With the Spring has come many new things this year. I would like to introduce you to Barrett Michael. He weighed in at 9 lbs and 5 ounces. Isn't he just beautiful! (Notice I'm not asking, hehehe) He arrived finally about 2 weeks ago and we have been so pleased with his appearance. He and his mama are doing really well.
I know it has been a while since I have posted and I do apologize for that but sometimes these things happen. It has been a super busy and emotional time for me and that has caused my words to fail me to some degree. I just have not had words because there have been so very many I guess. Those words are both happy and sad. There have been so many things happening in our lives that would be considered mountain top experiences and valley experiences. Baby Barrett is of course a top of the mountain thing for us.

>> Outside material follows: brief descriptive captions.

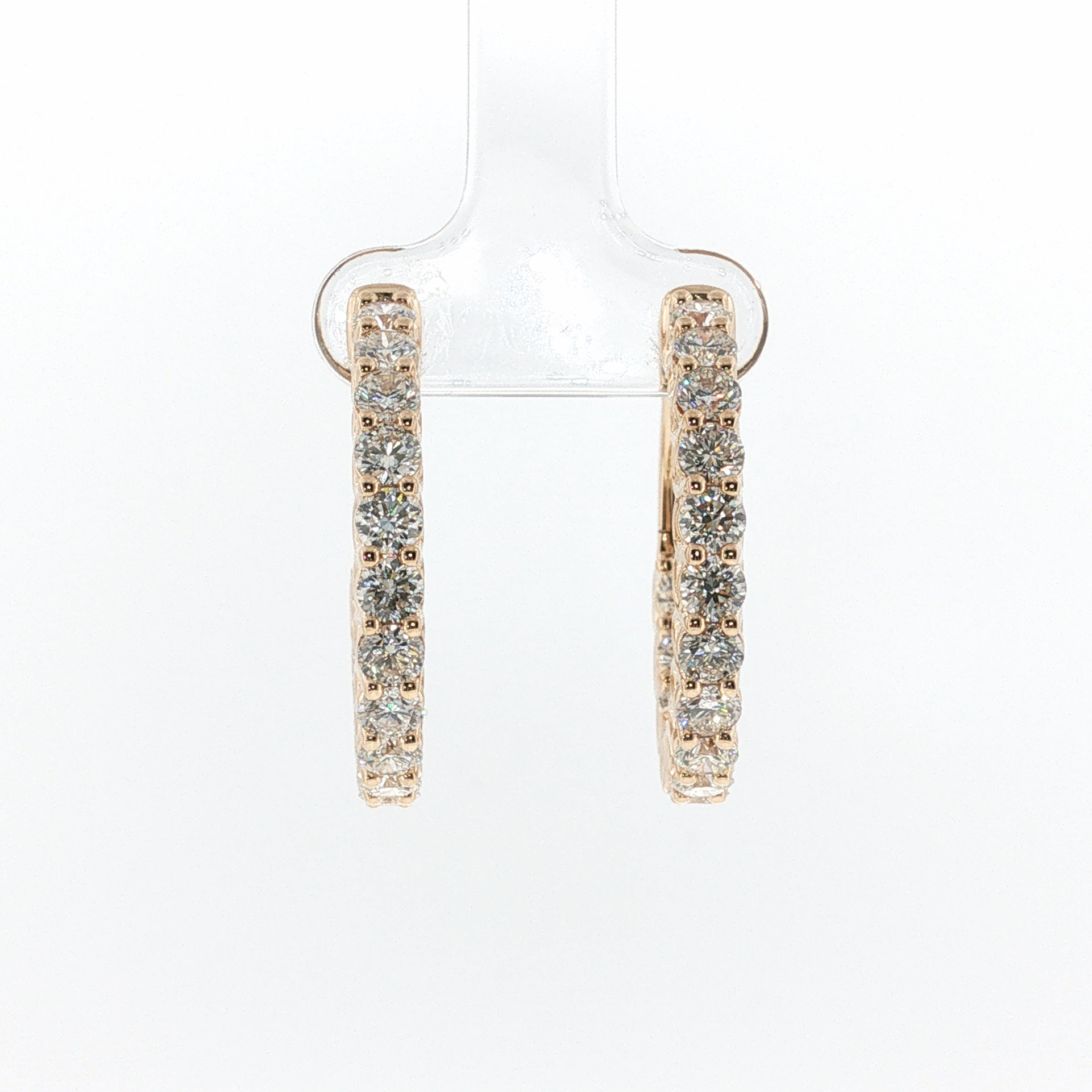 Springer's Forever 14k Yellow Gold 4.57ct Diamond Inside-Out Hoop Earrings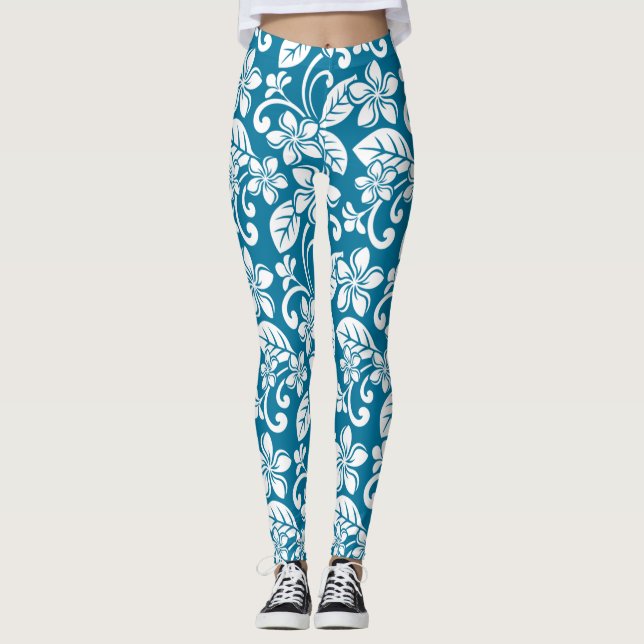 Leggings (ISLAND PLUMERIA, CARIBBEAN BLUE) (Framsida)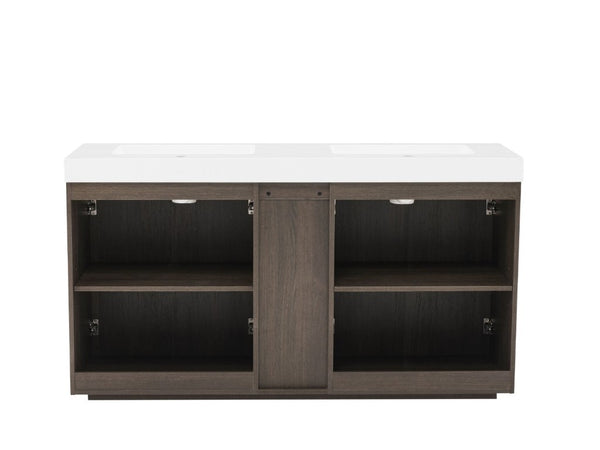 English Elm Galan60f Smoked Oak Freestanding Bathroom Vanity with Dual Basin and Soft Close Storage W1865S00244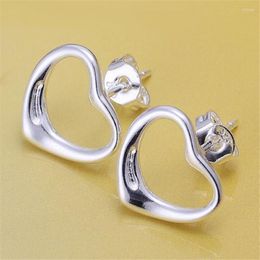 Stud Earrings Pretty Charms 925 Sterling Silver Fine Heart Studs For Women Party Wedding Christmas Gifts Street All-match Jewellery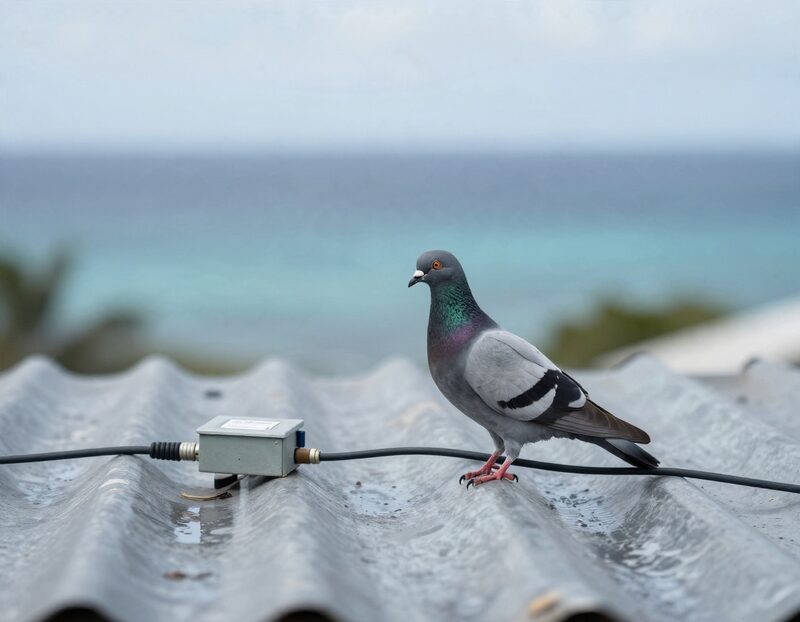 Pigeon posé sur un toit en tôle à côté d’un boîtier de fibre optique, mer des Caraïbes en fond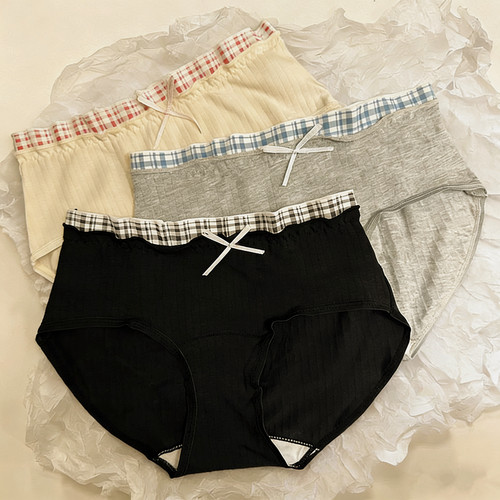 10A抑菌内裤女纯棉加长裆中腰亲肤舒适透气新款可爱中学生女内裤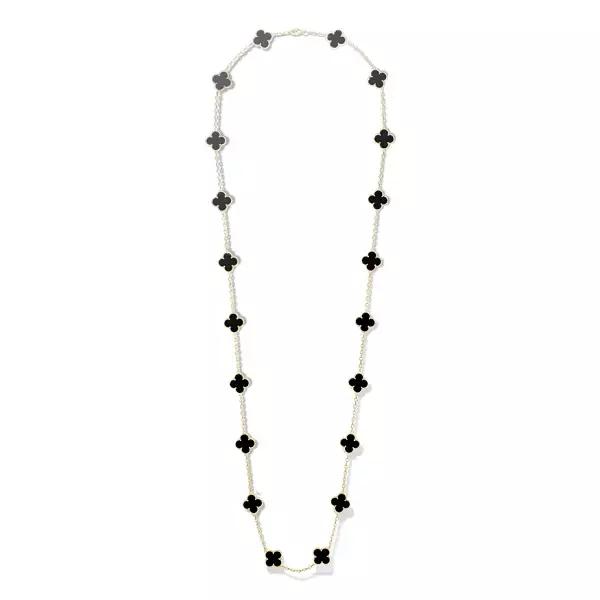 vca四叶草带钻项链系列,vca梵克雅宝四叶草项链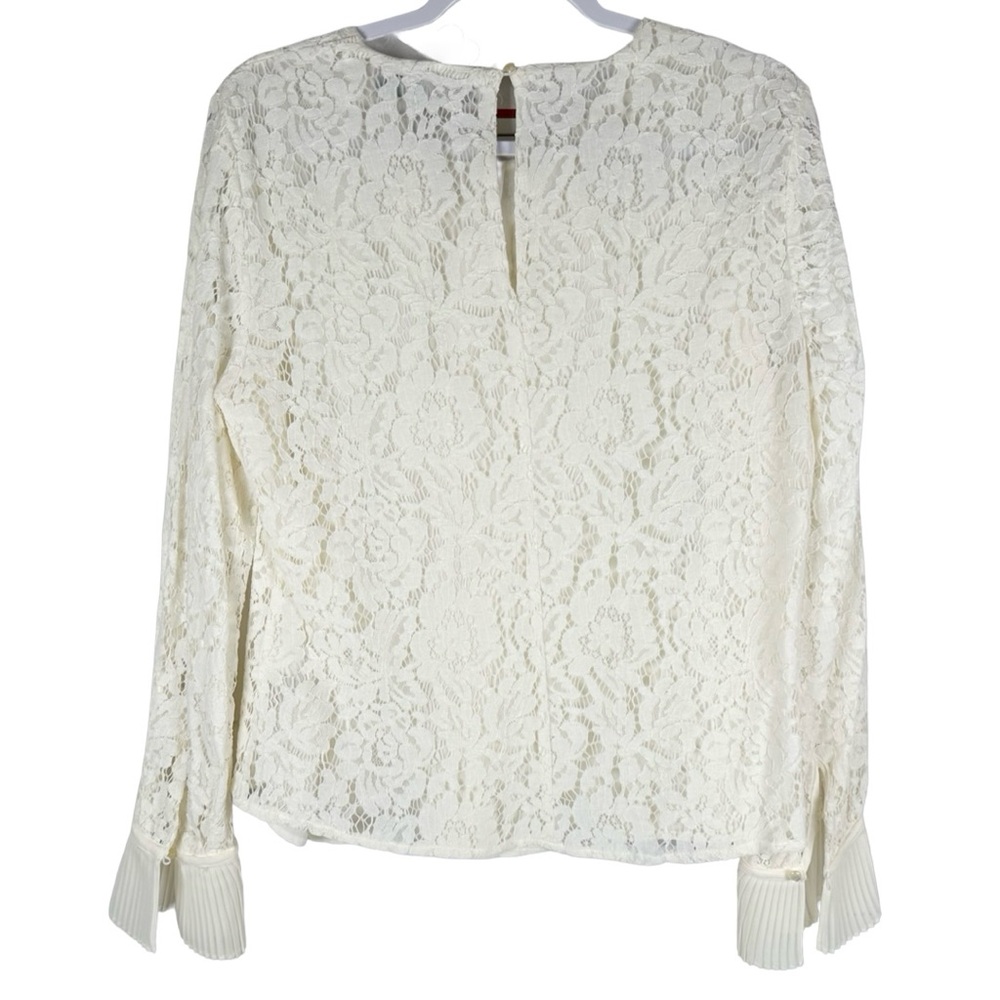 Lauren Ralph Lauren White Lace Long Sleeve Pleated Cuff Blouse Women’s Size 12 - Picture 2 of 6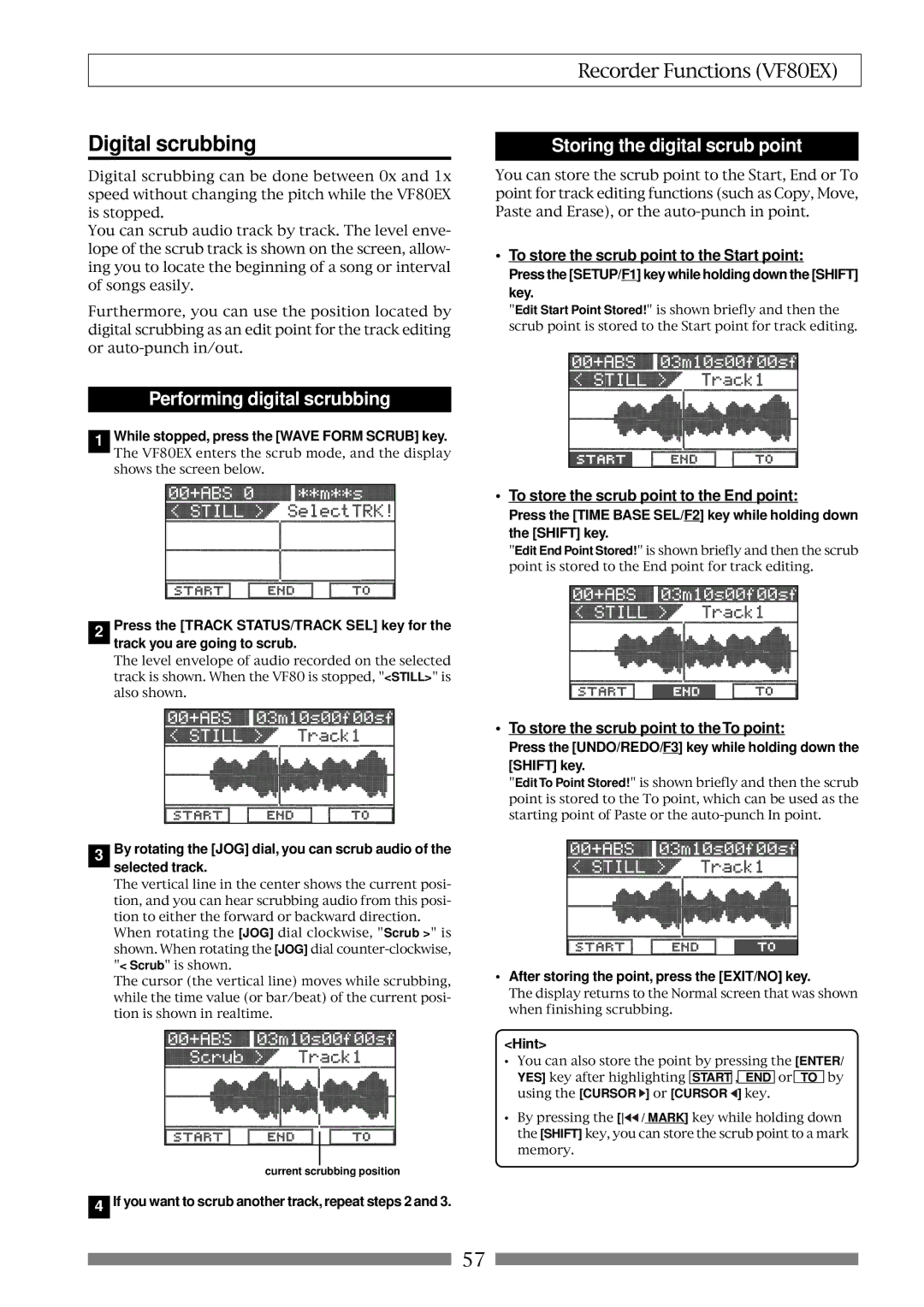 Fostex VF80EX owner manual Digital scrubbing, Storing the digital scrub point, Performing digital scrubbing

With the birth of Baby Barrett, I received news of another of my dearest friends who is in a very serious battle with Cancer. Sadly, it was not caught until the late stages and so she is going through some very painful and upsetting things right now. We are hopeful despite the way it looks because we know that ultimately it is in God's hand and the outcome will be healing one way or another. She is happy with any way he chooses to do that.
It has been emotional for me because I am one of those people who wants to take care of everyone and so even as I was with my daughter and new grandson, I was feeling very torn because of my friend's situation. I will be flying to her very soon to go for a visit and to help her in this time of need. I look forward to seeing her dear face again and sharing our hearts and stories of our days apart again.
Of course, I am still caring for Baby Zerah a couple of times every week. She is another place of huge joy for us. She is such a happy joyful little bundle of energy. So many times it is hard to discipline her because she is so very cute and happy. My children were quite shocked when they saw the picture below on Instagram. I titled it: What happens at Gigi's house stays at Gigi's house.
I mean, how can you possibly get angry at that sweetness? It further complicates things because she has such a sweet joyful nature. Some days we have to just hide our smiles and put on our firm face and insist on time out remembering it is for her sake that we do it.
And then there is my son, our hearts are filled with a huge gamut of emotions as we prepare today to send him off to the Navy in the morning. We are so excited for him and proud of him and afraid and sad and so much more that I don't quite even know yet what all the emotions truly are. It will be so very hard to not be able to have him with us on holidays and family gatherings, and so many other times. At the same time we are looking forward to visiting him in the places around the world where he will be stationed. He has been staying with us for several months and that has been a whole other story too but one that I am so glad to have.
I hope that you my readers will continue to be patient with me as I navigate this place in life that I seem to be and that you will understand when those times where words fail me happen. I promise I will not abandon you and I will not stay wordless forever. I promise to put them here as soon as they make themselves known.